═════ Material for this exercise

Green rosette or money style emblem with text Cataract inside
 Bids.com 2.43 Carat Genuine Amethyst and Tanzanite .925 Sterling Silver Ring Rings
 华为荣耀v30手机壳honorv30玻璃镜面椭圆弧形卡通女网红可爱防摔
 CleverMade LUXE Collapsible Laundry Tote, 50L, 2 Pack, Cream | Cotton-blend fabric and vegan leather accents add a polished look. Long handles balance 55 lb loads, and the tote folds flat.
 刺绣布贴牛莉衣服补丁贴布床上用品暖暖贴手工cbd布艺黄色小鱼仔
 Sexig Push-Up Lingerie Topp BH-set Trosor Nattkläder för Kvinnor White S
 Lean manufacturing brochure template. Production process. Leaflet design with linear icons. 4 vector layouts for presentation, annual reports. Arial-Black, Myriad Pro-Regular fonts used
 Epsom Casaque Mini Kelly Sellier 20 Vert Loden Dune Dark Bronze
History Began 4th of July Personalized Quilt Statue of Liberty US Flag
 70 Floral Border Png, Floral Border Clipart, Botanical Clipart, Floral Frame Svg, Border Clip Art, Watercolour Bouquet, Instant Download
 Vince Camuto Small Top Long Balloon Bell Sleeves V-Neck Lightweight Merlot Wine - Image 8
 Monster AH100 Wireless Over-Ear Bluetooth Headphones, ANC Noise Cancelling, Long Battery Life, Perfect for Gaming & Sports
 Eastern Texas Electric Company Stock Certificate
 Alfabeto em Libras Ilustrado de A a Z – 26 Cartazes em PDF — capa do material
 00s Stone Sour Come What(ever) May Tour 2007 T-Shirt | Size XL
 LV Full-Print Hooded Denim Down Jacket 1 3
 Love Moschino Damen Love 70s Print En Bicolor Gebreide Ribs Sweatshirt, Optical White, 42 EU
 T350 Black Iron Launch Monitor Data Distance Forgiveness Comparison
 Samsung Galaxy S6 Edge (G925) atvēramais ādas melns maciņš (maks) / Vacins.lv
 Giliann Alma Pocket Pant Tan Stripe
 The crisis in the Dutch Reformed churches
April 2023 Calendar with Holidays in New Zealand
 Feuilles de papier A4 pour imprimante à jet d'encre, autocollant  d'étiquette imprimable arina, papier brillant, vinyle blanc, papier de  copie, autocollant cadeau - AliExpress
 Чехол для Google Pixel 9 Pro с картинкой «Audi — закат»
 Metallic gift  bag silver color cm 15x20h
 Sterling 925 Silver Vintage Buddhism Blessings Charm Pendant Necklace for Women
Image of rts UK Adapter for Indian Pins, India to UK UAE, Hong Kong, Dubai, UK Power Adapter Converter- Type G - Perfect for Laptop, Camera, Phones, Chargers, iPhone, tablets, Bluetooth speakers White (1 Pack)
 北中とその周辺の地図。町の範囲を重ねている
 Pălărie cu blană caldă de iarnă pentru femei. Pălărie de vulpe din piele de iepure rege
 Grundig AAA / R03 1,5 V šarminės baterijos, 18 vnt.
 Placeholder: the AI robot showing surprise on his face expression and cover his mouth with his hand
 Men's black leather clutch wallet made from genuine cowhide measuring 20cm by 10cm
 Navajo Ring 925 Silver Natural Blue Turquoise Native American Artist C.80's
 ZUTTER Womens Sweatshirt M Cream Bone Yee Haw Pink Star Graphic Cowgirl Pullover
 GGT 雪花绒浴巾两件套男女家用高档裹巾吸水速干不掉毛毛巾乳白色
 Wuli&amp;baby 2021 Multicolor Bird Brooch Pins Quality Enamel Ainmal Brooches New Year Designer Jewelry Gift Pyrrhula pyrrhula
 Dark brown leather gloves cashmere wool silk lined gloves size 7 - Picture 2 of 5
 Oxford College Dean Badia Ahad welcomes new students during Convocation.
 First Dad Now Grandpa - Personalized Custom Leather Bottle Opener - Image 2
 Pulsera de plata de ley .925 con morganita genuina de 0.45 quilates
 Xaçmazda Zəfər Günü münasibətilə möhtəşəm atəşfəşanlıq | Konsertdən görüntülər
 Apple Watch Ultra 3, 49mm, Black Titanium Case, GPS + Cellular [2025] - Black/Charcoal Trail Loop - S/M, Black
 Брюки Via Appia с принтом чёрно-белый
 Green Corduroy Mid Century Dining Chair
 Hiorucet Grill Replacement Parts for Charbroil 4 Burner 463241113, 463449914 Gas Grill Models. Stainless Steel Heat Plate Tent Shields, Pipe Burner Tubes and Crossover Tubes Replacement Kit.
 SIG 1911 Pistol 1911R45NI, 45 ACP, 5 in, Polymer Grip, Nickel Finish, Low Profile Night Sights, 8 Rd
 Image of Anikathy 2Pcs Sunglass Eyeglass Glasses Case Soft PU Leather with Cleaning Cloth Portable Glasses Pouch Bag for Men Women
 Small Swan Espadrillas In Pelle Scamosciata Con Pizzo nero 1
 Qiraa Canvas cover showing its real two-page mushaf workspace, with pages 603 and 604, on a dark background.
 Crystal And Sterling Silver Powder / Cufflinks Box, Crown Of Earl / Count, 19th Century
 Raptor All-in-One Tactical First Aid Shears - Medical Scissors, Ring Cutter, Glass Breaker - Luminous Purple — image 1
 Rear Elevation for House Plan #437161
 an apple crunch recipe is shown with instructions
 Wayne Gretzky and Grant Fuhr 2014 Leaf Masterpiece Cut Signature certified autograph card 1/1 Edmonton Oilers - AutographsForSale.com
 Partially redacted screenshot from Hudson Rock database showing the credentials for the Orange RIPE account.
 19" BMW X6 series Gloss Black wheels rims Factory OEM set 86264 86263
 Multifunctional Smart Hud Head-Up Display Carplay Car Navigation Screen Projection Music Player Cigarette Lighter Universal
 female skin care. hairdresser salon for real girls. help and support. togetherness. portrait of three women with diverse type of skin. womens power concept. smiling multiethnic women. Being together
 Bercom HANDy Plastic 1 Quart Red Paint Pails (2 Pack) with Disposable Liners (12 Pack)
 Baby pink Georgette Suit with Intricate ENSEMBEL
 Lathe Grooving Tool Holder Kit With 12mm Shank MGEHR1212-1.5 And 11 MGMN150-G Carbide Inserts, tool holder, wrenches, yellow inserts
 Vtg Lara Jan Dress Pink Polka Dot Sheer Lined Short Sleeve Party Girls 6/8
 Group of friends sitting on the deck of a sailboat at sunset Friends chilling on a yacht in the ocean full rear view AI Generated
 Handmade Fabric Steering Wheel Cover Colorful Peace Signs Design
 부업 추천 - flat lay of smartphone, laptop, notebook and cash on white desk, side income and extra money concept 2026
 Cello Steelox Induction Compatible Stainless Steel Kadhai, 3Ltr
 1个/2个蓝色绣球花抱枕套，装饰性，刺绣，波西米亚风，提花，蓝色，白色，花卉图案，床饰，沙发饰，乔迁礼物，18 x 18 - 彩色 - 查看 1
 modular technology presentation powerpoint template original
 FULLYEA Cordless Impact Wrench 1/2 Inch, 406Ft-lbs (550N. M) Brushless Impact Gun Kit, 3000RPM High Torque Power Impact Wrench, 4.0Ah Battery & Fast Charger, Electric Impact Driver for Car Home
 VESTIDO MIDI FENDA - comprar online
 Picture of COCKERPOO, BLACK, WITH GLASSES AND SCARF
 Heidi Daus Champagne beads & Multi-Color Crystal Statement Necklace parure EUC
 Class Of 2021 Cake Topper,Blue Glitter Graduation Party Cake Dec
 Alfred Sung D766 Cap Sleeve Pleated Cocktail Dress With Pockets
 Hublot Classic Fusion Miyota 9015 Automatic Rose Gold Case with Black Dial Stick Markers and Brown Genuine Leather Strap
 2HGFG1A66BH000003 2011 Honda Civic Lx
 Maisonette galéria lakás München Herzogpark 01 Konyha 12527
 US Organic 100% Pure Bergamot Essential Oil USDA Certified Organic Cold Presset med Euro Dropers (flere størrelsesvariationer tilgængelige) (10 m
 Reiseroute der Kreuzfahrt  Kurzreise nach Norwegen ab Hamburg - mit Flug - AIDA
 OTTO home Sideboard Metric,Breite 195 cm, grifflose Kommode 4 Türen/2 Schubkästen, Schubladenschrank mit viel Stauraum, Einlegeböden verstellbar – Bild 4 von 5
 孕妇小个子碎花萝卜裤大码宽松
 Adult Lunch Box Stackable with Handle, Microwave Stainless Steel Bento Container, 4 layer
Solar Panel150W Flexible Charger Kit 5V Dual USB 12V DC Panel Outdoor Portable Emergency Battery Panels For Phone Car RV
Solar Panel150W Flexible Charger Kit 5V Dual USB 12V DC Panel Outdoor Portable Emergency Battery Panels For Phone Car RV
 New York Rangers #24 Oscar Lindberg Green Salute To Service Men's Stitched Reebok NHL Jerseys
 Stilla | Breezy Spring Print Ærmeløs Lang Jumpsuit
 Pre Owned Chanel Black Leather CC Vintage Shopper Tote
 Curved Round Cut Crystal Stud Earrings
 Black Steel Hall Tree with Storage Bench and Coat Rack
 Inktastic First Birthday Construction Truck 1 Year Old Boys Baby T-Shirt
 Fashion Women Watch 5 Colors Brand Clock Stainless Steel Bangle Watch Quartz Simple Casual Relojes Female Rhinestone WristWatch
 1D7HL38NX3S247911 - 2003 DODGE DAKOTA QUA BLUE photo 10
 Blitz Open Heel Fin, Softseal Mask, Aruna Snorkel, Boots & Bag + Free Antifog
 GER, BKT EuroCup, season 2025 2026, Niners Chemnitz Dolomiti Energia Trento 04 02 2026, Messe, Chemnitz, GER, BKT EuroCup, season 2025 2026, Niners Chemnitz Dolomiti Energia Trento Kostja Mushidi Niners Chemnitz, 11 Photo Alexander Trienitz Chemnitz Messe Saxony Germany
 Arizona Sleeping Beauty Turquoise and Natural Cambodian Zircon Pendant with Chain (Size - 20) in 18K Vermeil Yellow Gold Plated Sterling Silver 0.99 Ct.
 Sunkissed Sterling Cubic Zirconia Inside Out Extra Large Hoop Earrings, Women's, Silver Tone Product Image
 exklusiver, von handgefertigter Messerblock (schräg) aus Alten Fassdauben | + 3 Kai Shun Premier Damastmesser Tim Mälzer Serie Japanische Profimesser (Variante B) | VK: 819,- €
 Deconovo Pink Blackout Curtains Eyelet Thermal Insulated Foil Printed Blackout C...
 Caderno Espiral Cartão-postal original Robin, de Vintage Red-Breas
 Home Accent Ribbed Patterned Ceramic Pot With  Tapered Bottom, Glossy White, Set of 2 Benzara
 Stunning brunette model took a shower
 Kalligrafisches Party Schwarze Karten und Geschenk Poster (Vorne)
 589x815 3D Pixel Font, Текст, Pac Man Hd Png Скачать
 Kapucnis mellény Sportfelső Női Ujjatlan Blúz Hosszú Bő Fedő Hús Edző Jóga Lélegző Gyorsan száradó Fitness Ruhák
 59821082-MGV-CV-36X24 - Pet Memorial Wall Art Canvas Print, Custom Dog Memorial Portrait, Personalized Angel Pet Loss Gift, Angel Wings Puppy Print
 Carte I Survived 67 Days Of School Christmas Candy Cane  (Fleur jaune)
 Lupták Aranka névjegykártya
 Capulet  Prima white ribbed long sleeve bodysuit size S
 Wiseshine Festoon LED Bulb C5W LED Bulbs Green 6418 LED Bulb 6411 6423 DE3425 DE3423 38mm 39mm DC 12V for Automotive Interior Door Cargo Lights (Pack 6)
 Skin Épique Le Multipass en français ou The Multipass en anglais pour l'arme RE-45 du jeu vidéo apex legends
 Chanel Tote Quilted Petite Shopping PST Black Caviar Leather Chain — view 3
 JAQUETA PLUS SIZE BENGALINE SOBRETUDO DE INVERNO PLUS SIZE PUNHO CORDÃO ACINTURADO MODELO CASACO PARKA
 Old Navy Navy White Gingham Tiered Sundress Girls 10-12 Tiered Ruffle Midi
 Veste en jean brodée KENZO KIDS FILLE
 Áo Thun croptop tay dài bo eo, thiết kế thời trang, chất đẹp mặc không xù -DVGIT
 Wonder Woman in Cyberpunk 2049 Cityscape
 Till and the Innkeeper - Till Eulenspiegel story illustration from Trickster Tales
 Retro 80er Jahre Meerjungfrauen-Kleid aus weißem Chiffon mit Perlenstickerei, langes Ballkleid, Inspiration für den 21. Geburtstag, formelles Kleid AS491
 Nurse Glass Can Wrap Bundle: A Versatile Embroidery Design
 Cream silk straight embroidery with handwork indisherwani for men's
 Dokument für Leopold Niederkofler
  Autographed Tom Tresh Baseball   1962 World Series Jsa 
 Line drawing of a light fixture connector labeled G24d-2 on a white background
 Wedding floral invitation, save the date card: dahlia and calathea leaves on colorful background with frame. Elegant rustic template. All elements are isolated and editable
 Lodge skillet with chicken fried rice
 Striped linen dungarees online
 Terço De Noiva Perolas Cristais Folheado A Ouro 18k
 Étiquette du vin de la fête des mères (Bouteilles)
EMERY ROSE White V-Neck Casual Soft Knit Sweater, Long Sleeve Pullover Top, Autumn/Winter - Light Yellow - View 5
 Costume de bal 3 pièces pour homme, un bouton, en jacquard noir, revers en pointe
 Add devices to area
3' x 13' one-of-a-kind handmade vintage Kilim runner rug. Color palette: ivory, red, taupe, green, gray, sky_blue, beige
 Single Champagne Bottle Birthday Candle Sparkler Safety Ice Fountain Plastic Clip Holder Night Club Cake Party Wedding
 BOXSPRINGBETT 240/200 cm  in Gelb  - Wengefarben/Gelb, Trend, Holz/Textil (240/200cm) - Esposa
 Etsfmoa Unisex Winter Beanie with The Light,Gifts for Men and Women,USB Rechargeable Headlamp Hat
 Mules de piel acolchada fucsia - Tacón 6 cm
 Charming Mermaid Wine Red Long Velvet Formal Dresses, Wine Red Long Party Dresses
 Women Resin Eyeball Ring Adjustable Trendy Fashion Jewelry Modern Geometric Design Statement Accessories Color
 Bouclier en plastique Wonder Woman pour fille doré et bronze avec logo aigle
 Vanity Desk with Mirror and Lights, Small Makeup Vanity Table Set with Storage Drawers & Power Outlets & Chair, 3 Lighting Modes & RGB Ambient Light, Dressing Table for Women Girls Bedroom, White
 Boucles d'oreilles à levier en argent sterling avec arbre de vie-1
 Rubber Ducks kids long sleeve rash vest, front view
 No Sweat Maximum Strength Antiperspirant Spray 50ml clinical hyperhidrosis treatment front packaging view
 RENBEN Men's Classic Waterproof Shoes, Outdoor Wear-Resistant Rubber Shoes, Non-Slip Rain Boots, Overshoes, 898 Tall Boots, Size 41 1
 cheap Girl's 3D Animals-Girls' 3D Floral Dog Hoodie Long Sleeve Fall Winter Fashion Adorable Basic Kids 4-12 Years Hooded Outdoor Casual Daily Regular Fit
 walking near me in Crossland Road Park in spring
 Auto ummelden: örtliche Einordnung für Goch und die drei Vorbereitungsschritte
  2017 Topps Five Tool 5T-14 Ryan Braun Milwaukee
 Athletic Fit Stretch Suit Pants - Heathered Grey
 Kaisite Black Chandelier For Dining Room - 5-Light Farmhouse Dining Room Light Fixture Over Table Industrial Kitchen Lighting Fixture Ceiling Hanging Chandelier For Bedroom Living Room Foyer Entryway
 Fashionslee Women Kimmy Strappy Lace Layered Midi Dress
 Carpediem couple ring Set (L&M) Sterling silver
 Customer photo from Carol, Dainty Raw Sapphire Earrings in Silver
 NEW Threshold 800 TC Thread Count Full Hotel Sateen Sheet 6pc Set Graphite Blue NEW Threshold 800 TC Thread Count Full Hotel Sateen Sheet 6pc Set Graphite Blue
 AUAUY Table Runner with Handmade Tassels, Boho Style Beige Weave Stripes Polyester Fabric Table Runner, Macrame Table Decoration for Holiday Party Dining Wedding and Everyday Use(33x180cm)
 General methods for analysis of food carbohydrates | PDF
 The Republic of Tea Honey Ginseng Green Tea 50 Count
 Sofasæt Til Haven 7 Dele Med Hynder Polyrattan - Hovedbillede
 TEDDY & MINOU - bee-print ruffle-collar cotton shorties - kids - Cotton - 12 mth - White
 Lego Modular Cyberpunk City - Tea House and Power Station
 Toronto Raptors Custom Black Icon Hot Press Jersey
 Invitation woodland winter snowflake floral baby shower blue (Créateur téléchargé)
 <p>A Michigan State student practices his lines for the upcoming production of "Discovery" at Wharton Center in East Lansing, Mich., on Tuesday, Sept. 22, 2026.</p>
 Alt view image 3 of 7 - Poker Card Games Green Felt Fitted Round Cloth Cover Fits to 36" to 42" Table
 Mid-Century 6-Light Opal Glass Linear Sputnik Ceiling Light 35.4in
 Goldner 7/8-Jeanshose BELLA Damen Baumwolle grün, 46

══════════

▶ **What this task involves**
Lines from the first one above through the line containing "华为荣耀v30手机壳honorv30玻璃镜面椭圆弧形卡通女网红可爱防摔" are to be retyped exactly, both included, and nothing more.

▶ **Exercise solution**
Green rosette or money style emblem with text Cataract inside
 Bids.com 2.43 Carat Genuine Amethyst and Tanzanite .925 Sterling Silver Ring Rings
 华为荣耀v30手机壳honorv30玻璃镜面椭圆弧形卡通女网红可爱防摔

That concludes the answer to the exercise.